:: Records for this task ::
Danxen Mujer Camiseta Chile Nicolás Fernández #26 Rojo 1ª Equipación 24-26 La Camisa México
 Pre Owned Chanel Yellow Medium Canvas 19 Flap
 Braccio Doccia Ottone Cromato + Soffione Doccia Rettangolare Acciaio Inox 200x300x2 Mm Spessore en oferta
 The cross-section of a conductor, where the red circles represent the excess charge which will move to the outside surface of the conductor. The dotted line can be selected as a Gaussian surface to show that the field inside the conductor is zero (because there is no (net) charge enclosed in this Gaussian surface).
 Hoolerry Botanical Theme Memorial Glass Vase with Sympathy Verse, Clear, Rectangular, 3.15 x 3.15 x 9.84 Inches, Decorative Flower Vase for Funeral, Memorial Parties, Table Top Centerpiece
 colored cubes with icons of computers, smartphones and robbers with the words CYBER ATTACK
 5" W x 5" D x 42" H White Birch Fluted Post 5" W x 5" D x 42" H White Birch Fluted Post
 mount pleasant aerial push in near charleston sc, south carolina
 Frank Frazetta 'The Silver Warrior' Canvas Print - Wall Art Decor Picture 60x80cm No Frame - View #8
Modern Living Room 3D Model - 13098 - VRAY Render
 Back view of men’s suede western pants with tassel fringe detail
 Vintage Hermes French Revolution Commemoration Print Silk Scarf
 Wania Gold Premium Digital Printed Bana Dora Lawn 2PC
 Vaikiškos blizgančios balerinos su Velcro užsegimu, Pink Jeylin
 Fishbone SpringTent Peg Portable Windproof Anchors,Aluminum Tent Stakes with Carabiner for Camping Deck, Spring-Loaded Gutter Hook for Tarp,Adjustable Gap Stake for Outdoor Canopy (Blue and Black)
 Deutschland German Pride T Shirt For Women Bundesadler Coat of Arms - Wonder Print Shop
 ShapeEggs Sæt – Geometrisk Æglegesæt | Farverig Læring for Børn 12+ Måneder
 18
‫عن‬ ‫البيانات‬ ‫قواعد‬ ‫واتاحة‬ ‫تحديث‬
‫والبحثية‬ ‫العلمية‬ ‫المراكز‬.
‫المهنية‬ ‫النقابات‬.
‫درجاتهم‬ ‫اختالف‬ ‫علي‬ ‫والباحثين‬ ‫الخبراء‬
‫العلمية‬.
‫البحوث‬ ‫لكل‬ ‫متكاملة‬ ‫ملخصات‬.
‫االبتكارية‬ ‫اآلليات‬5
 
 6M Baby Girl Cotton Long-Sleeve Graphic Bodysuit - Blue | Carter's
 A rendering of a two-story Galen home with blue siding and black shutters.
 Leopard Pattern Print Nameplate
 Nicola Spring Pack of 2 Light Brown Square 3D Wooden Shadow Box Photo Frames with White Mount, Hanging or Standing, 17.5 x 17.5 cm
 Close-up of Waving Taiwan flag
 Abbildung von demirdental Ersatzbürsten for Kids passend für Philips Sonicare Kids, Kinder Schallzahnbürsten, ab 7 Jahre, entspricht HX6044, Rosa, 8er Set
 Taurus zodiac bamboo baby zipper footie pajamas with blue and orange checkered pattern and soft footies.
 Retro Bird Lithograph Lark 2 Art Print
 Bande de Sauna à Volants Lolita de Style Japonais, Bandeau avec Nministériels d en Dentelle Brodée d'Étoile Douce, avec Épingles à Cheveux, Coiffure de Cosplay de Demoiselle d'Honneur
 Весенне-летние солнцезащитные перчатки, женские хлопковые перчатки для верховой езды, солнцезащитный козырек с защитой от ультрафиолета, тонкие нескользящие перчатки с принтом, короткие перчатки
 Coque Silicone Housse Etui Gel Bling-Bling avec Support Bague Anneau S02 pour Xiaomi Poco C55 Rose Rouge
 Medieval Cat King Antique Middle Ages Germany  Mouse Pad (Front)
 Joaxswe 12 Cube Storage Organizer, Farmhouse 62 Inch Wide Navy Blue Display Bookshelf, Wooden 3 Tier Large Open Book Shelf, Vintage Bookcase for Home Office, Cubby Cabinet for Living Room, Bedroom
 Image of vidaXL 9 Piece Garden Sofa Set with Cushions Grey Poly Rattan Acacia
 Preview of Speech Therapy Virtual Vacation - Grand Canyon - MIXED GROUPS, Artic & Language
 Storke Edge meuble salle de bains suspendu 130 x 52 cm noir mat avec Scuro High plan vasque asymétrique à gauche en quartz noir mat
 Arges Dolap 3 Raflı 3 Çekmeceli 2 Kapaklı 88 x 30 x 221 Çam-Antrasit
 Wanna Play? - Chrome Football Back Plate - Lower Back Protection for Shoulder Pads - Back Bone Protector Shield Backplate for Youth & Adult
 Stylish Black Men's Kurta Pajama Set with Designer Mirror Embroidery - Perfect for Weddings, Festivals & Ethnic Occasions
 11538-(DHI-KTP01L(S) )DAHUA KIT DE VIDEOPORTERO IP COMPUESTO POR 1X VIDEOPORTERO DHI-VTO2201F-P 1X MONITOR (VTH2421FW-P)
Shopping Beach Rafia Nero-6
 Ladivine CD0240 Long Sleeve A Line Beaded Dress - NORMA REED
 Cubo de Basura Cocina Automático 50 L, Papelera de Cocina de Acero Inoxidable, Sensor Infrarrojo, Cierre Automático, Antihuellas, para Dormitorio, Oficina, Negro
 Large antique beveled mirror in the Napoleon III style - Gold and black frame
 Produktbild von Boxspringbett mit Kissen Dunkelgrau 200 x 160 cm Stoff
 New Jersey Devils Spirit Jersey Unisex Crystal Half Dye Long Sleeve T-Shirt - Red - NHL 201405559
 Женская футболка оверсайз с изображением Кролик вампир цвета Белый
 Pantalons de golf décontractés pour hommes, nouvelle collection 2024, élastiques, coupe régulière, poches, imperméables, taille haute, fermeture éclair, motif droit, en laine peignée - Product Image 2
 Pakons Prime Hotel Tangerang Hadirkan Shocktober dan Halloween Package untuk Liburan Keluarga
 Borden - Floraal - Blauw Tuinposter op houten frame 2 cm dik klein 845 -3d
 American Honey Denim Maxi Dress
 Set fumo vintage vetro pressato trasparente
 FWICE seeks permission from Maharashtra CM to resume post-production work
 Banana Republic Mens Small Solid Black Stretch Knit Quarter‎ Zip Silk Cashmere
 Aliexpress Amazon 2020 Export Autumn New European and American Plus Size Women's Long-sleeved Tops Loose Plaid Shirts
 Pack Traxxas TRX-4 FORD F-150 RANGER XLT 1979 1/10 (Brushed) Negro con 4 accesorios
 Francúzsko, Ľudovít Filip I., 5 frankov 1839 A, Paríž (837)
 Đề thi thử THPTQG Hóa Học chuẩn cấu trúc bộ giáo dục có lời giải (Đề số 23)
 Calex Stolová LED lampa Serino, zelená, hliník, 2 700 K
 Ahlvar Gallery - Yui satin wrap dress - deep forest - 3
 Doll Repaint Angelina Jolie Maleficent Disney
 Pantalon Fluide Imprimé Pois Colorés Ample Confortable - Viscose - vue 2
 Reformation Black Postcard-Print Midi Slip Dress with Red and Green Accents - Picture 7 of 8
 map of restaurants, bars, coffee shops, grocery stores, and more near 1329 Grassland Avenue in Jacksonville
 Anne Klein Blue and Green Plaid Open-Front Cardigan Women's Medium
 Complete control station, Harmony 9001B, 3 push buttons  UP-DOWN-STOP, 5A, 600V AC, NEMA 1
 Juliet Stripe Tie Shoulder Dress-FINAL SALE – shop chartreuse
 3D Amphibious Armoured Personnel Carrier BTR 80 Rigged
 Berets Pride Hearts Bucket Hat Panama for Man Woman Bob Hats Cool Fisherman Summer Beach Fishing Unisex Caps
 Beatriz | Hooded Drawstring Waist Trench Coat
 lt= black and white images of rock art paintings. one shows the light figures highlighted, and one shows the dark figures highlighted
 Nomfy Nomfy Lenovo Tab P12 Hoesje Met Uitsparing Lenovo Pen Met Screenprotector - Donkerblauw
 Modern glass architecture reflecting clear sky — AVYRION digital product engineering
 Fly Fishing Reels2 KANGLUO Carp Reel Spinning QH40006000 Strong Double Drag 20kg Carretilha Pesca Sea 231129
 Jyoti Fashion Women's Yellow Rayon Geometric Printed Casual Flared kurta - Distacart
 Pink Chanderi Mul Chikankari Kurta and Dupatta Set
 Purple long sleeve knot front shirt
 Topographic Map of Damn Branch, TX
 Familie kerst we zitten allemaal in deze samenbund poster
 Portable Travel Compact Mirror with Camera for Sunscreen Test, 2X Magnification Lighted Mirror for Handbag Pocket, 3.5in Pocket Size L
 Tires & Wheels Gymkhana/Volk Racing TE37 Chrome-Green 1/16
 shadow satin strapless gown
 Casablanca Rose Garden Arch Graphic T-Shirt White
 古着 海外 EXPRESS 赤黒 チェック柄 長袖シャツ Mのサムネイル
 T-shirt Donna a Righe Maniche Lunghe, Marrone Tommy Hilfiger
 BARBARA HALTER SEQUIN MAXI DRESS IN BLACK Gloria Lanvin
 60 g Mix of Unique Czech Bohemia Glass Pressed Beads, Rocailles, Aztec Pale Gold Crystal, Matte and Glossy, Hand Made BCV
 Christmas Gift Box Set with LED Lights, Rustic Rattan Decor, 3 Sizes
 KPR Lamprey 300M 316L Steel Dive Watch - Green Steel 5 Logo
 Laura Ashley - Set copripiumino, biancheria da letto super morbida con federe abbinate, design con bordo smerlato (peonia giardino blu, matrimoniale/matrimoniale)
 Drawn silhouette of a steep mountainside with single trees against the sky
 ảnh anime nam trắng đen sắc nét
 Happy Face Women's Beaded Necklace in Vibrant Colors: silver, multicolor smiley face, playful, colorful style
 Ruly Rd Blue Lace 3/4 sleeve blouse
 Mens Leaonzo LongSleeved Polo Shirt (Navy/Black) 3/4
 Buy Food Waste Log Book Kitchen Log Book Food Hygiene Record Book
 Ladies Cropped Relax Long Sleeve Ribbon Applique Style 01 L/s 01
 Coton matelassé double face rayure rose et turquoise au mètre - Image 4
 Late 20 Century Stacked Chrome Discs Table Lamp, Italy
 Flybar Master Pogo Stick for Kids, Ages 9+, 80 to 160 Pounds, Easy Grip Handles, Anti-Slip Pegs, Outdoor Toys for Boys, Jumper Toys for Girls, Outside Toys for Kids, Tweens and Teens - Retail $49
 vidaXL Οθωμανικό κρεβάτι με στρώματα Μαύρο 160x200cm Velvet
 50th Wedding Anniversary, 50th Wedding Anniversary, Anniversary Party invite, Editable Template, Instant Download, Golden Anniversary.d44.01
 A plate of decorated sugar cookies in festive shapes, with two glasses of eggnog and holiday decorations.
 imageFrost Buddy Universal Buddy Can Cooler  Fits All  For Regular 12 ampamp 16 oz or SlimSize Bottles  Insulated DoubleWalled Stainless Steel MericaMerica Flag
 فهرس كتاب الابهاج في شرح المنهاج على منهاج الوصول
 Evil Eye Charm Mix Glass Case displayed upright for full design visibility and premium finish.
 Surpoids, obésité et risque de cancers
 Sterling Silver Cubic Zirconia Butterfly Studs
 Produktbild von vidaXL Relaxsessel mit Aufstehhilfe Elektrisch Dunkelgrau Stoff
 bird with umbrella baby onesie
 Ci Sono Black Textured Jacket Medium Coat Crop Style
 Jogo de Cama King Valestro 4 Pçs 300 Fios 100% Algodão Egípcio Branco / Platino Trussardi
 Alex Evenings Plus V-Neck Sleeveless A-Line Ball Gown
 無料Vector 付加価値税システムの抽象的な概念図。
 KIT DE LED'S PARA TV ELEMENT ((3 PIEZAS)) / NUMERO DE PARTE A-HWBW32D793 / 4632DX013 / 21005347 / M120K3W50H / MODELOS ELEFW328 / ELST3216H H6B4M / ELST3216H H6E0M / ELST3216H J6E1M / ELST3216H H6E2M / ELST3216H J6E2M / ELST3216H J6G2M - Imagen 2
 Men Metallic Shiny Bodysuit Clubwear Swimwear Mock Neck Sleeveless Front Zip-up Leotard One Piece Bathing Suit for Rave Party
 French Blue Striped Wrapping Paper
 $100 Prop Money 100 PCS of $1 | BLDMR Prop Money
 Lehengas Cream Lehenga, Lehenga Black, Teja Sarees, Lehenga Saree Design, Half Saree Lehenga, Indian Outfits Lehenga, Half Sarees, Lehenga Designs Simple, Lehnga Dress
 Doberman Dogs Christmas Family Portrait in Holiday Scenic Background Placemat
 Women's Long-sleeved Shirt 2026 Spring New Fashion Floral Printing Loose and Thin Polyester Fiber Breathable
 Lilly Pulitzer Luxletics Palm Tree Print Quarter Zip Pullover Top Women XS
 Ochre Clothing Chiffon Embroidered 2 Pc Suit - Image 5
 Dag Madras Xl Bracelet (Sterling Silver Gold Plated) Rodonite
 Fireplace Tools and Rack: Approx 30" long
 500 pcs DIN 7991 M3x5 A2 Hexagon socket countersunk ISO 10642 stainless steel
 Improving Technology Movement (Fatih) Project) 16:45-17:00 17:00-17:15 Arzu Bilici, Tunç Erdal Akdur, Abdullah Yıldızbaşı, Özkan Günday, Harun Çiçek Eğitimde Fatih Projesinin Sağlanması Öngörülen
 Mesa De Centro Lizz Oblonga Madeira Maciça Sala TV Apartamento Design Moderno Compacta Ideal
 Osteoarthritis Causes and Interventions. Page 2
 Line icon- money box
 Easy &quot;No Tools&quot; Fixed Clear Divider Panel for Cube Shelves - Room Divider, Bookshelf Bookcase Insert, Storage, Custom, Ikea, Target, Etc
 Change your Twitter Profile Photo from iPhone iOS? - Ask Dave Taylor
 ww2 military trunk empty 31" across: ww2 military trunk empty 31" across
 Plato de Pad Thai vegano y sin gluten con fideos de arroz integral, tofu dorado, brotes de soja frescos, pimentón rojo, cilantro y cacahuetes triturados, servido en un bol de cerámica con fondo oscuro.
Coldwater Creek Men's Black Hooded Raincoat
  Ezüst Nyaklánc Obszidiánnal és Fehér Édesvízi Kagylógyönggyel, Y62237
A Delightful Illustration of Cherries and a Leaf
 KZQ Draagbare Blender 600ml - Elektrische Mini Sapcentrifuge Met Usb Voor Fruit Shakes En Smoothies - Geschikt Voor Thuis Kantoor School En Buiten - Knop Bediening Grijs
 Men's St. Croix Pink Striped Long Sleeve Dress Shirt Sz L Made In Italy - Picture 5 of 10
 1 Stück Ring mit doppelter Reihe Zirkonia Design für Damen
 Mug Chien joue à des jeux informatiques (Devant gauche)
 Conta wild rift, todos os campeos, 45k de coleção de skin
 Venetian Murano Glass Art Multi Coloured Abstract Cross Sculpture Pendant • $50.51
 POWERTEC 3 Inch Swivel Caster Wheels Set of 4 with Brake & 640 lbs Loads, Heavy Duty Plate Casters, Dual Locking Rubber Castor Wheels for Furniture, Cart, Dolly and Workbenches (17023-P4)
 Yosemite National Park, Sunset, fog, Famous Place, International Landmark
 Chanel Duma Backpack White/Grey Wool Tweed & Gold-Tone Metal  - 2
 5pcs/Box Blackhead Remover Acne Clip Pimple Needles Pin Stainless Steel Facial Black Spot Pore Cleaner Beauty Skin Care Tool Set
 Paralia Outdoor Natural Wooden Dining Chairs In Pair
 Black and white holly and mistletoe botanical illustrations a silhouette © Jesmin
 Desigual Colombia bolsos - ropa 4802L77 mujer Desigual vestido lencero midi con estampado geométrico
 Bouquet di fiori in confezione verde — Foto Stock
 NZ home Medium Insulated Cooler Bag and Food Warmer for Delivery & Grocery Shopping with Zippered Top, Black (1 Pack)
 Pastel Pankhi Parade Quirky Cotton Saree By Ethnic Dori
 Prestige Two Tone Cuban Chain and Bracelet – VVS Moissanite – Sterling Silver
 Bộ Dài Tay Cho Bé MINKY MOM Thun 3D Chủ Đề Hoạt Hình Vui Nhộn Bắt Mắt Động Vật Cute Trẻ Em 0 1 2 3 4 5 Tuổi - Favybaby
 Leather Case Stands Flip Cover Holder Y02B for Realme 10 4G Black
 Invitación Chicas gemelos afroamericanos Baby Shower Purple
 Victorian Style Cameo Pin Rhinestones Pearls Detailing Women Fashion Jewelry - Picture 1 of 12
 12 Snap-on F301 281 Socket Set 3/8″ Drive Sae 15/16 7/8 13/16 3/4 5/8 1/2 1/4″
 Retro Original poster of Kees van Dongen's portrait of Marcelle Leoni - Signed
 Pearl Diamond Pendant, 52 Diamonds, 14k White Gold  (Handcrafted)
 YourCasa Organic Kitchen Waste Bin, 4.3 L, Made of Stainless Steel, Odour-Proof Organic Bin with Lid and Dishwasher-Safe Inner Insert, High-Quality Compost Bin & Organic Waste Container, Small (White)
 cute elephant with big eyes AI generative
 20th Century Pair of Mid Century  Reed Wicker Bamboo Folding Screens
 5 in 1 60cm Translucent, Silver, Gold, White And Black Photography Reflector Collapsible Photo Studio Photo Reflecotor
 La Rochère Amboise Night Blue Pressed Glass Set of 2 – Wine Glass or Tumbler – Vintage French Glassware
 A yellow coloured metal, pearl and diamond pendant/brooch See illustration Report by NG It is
:::
__What the task requires__:
Repeat, exactly as they stand above, the lines from the line with "Image of vidaXL" to the line with "Preview of Speech", both lines included.

__Response__:
 Image of vidaXL 9 Piece Garden Sofa Set with Cushions Grey Poly Rattan Acacia
 Preview of Speech Therapy Virtual Vacation - Grand Canyon - MIXED GROUPS, Artic & Language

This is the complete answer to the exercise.